[Items from a data source]
╔══

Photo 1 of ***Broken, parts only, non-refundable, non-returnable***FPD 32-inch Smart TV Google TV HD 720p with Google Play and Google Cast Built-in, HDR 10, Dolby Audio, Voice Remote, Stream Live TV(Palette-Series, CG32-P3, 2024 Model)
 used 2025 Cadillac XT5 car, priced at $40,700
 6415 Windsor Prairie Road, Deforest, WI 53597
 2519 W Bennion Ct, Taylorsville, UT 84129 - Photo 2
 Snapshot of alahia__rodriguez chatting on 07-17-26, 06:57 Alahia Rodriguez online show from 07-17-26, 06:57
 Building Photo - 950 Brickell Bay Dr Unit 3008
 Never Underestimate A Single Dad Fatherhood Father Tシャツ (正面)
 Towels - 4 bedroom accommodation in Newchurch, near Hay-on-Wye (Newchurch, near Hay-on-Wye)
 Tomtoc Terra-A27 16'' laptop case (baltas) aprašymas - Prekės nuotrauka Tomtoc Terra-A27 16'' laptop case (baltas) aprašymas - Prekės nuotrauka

╚══

WORK ORDER:
Only these are to be transcribed: the line with "2519 W Bennion" and every line after it through the last line of the entries, each exactly.

YOUR SOLUTION:
 2519 W Bennion Ct, Taylorsville, UT 84129 - Photo 2
 Snapshot of alahia__rodriguez chatting on 07-17-26, 06:57 Alahia Rodriguez online show from 07-17-26, 06:57
 Building Photo - 950 Brickell Bay Dr Unit 3008
 Never Underestimate A Single Dad Fatherhood Father Tシャツ (正面)
 Towels - 4 bedroom accommodation in Newchurch, near Hay-on-Wye (Newchurch, near Hay-on-Wye)
 Tomtoc Terra-A27 16'' laptop case (baltas) aprašymas - Prekės nuotrauka Tomtoc Terra-A27 16'' laptop case (baltas) aprašymas - Prekės nuotrauka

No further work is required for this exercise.